Perle’s compositions have figured on the programs of Boston, Chicago, Philadelphia, New York Philharmonic, Royal Philharmonic, BBC, and other major orchestras in this country and abroad. Perle’s works are recorded on Nonesuch, Harmonia Mundi, New World, Albany, CRI and other labels. He has been a frequent Visiting Composer at the Tanglewood Music Festival and Composer-in-Residence with the San Francisco Symphony.

Though Perle is above all a composer, the breadth of his musical interests has led to significant contributions in theory and musicology as well. He has published numerous articles in scholarly journals and seven books, including the award-winning Operas of Alban Berg. He has been a guest professor at major universities and a much sought after lecturer and commentator on TV, here and abroad. He is Professor Emeritus at the City University of New York.


Reflections on George Perle

It's surely a sign that a composer has added something to our lives when merely the mention of his name will conjure up musical images in our mind's ear. It is only necessary to say Chopin, for example, in order to recall the rich legacy of his music in our aural memories. We even go so far as to form adjectives, such as Mozartian, or Schoenbergian, to describe musical features in meaningful ways.

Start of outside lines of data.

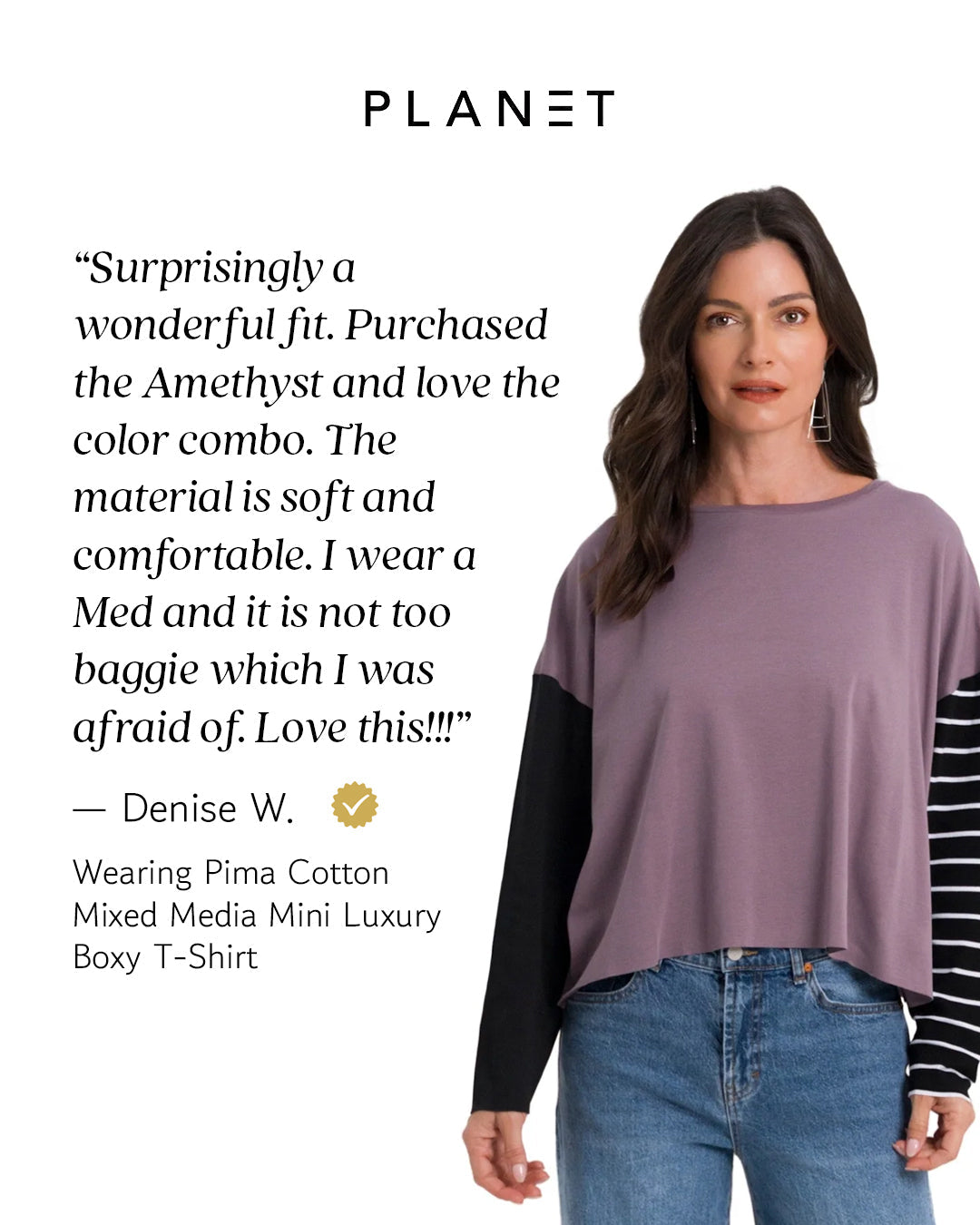 Pima Cotton Mixed Media Mini Luxury Boxy T-Shirt - Guacamole - PLANET by Lauren G - Flyclothing LLC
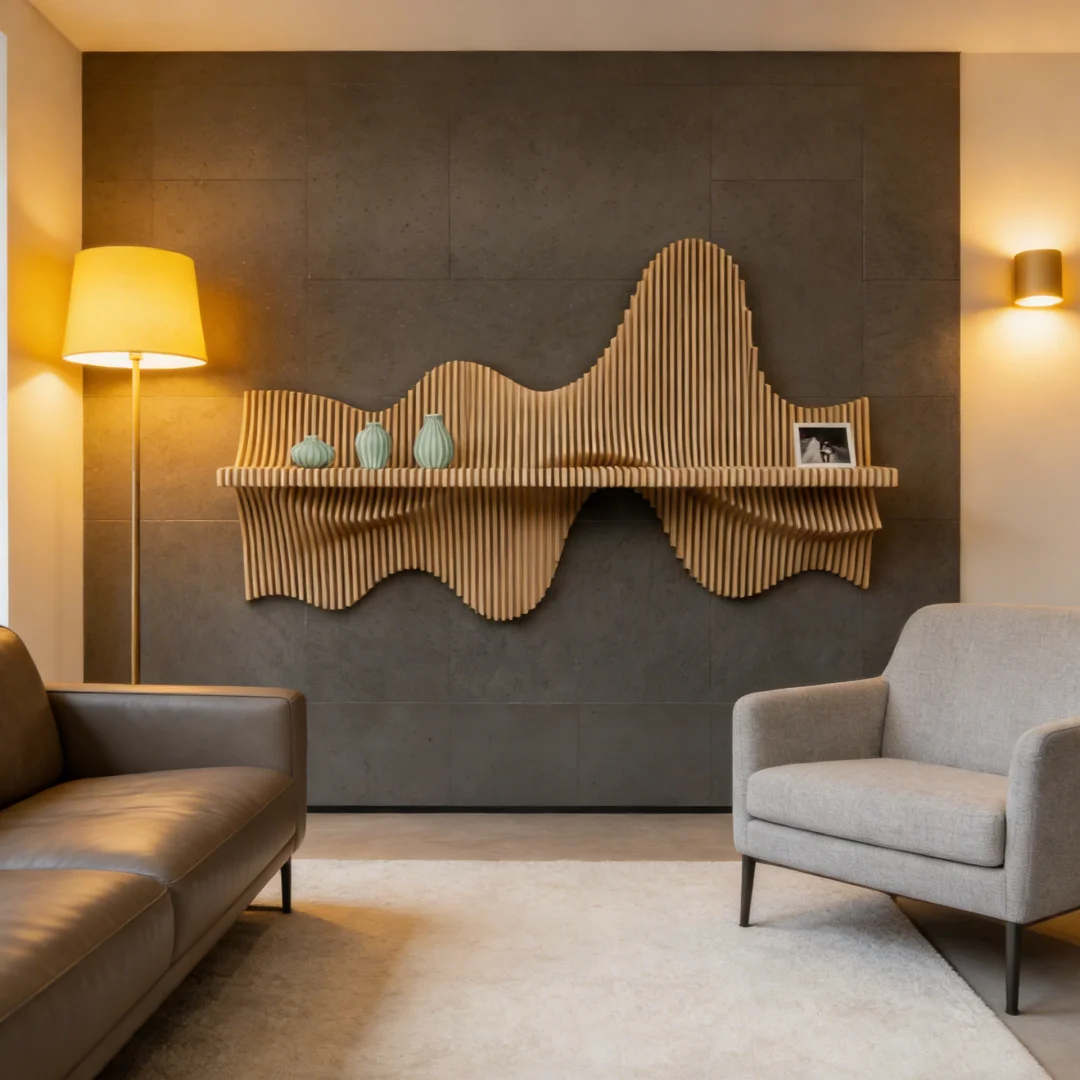 ！@Wall Mounted Wooden Artwork Sculptural Wave Shape Display for Living Room Office Hotel Artistic Decor
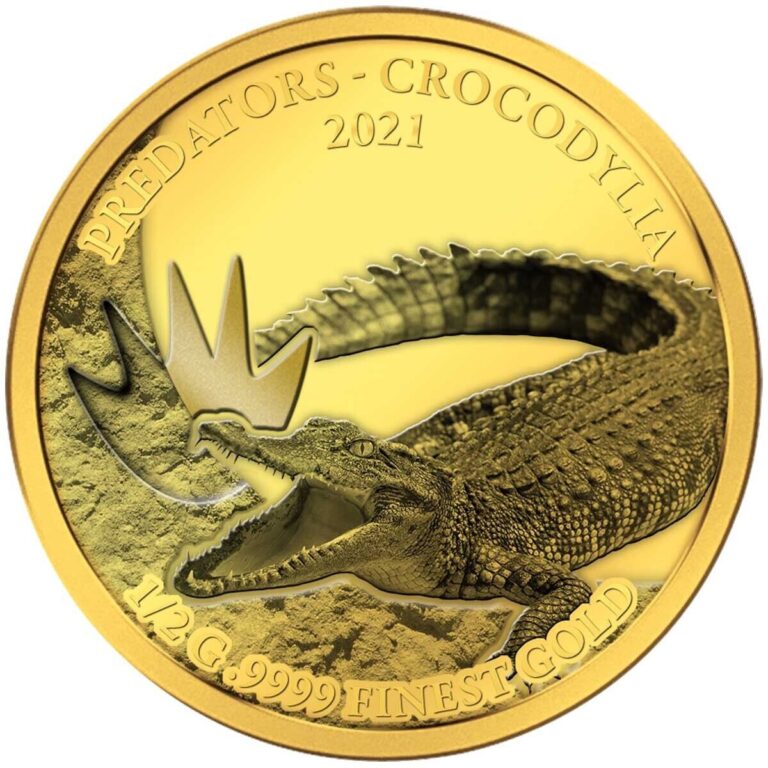 Read more about the article 2021 Senegal Gold Coin Crocodile Reptiles Predators Proof Wildlife WWF RARE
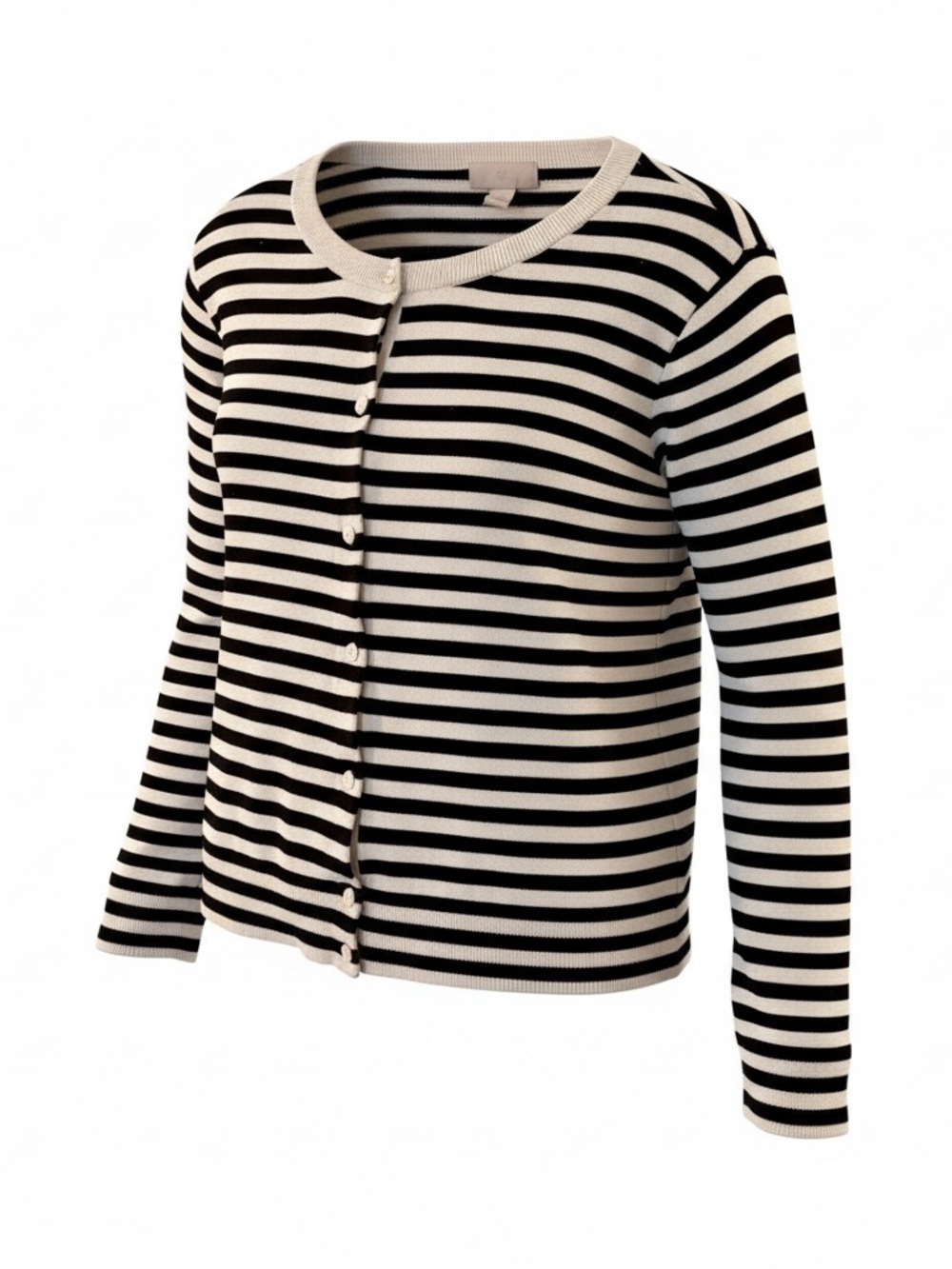 H&M Black and Cream Striped Button-Front Cardigan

For many people today the name George Perle has this magic. Just its mention rings with the sound of his music: it recalls artful phases, overlapping, colliding, dovetailing, dancing with wonderful elegance one moment, coming to a sudden halt the next, rich harmonies which seem to have an internal logic and consistency all their own, unlike that of any other music; clear, brilliant, and inventive orchestration which masterfully captures the colors and subtleties of instruments and allows them to sound free and natural; a high minded and deeply serious concern with making music all that it can be; a rich and humorous texture full of musical equivalents of puns, jokes, and riddles; and most of all a music which is clear, understandable, and inviting.

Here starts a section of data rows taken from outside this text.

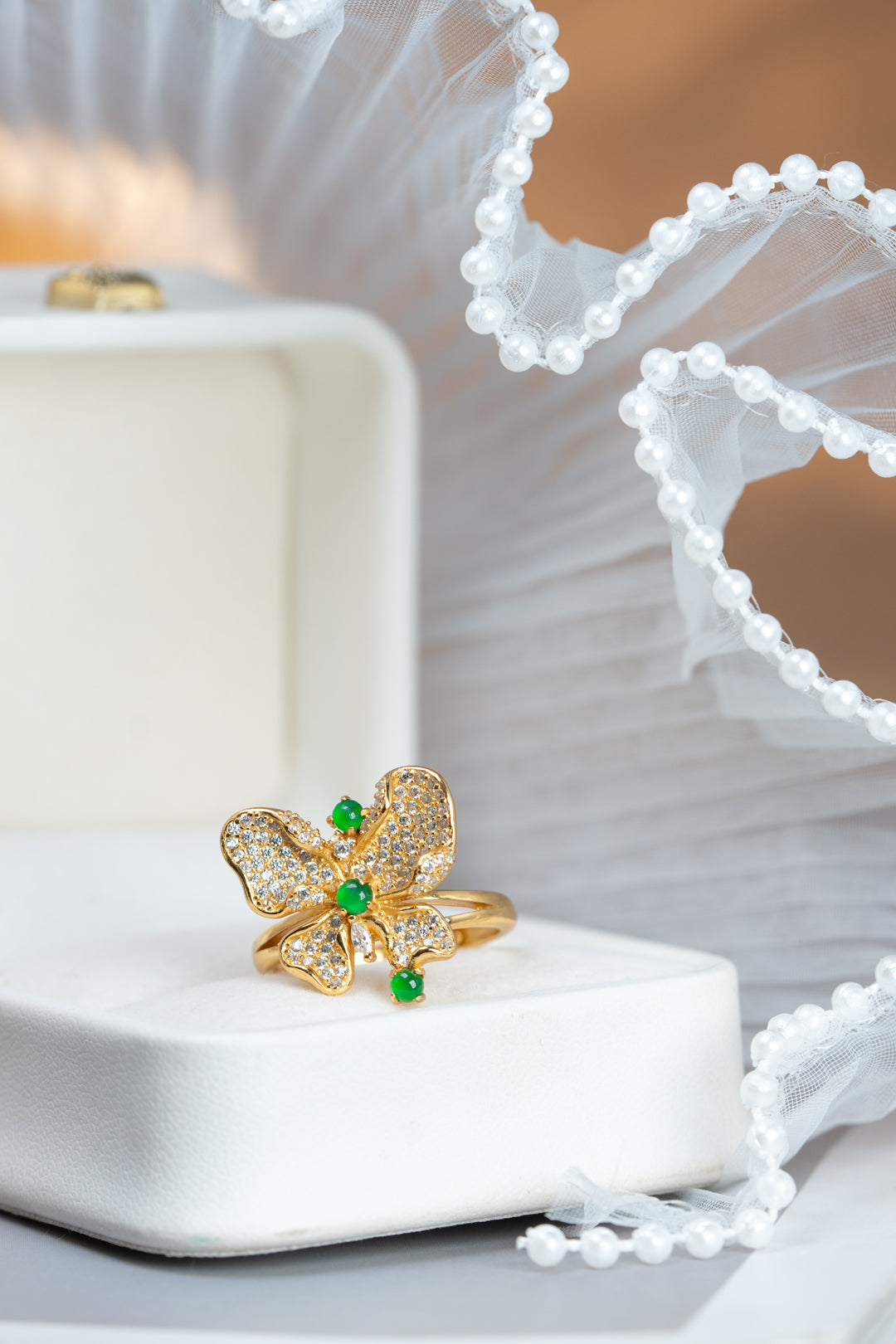 Diamond-Set Gold-Plated Butterfly Ring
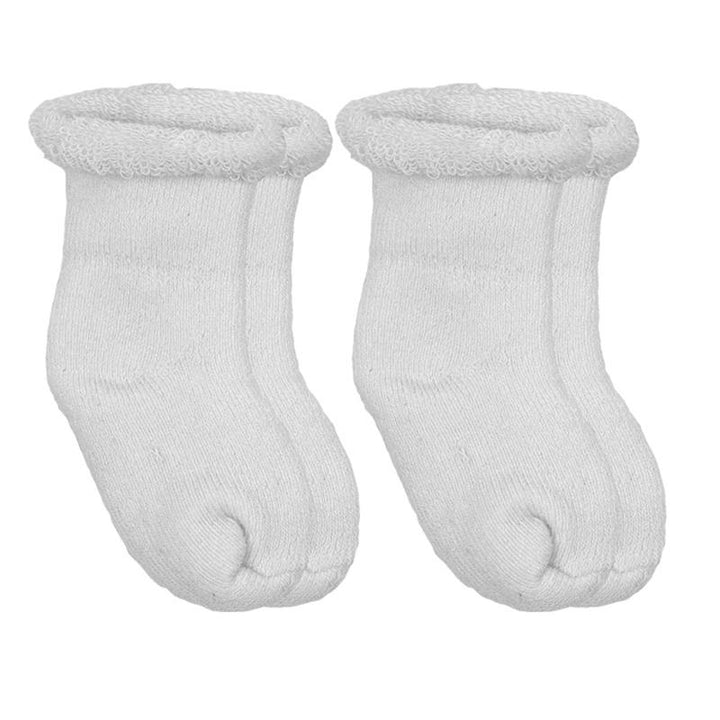 2 Pack of White Preemie Socks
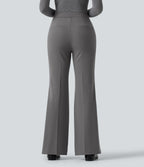 Mid Rise Flare Fleece Work Trousers with Pockets — Silent Storm — view 2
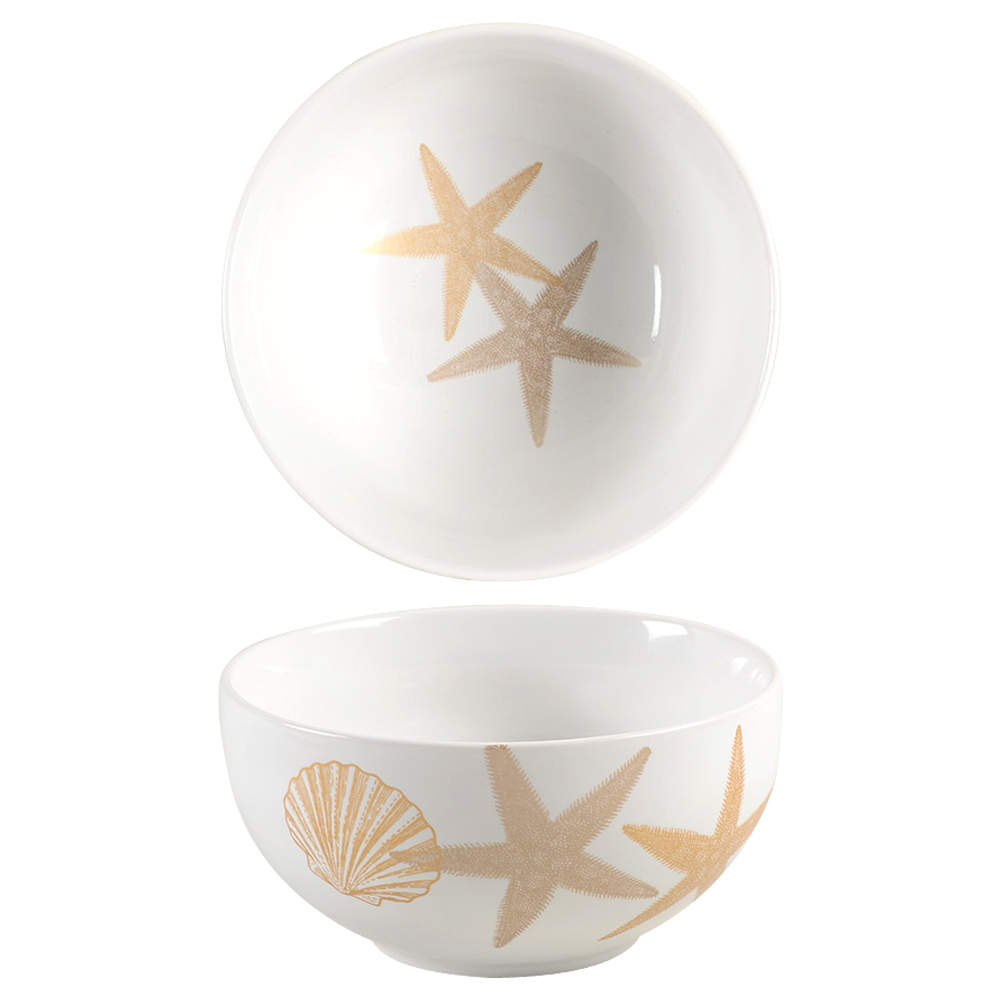 Coastal Life Gold (Yellow) Soup/Cereal Bowl by 222 Fifth (PTS)-1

For those fortunate enough to know the composer personally, his name also conjures an image of tirelessness and passion for music; he sleeps little and is totally absorbed by his work— how else could he have written seven important books and numerous articles, dozens of extraordinary pieces, been a devoted and effective teacher for more than forty years, and become known as an important theorist of contemporary music as well as the world's leading Berg scholar.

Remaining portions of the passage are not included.